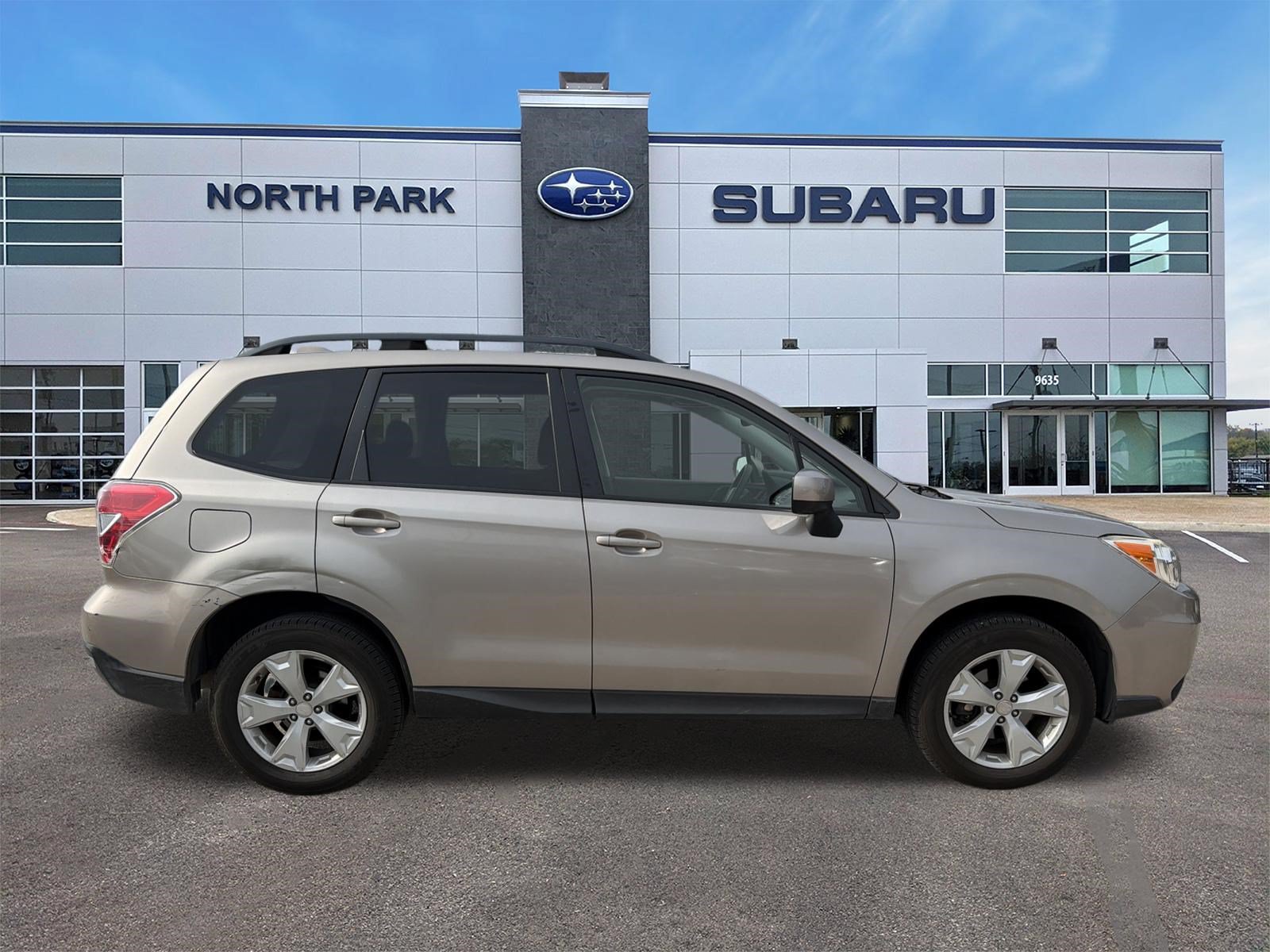 Used 2016 Subaru Forester 2.5i Premium AWD/4WD image 2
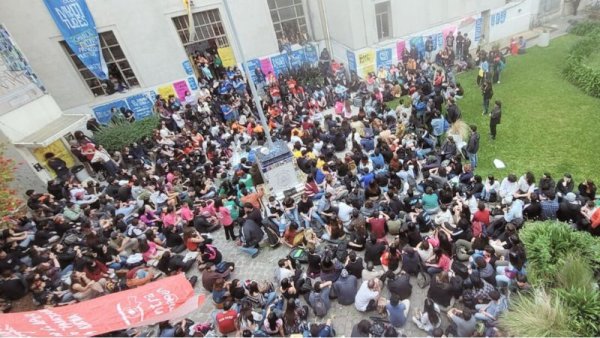 Asambleas masivas y tomas en la UNLP: "Milei despertó la lucha que puede tirar abajo el veto"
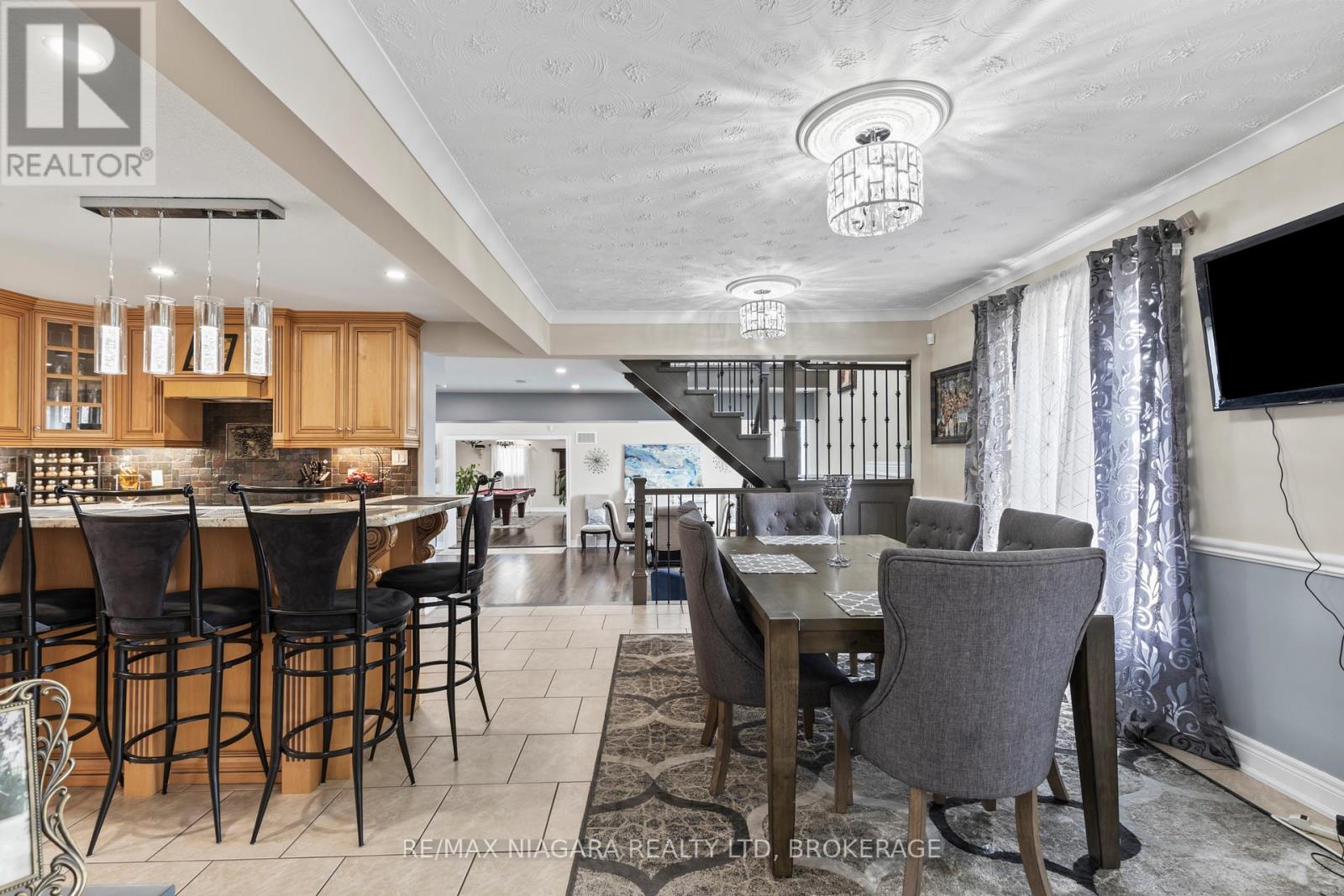 724 Line 3 Road, Niagara-On-The-Lake (Virgil), Ontario  L0S 1J0 - Photo 12 - X12178719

(WHAT TO DO):
Would you copy the lines from the one holding "Asambleas masivas y" down to the last line of the material, both included, exactly and with nothing added, skipping the pictures?

(OUTPUT BELOW):
 Asambleas masivas y tomas en la UNLP: "Milei despertó la lucha que puede tirar abajo el veto"
 724 Line 3 Road, Niagara-On-The-Lake (Virgil), Ontario  L0S 1J0 - Photo 12 - X12178719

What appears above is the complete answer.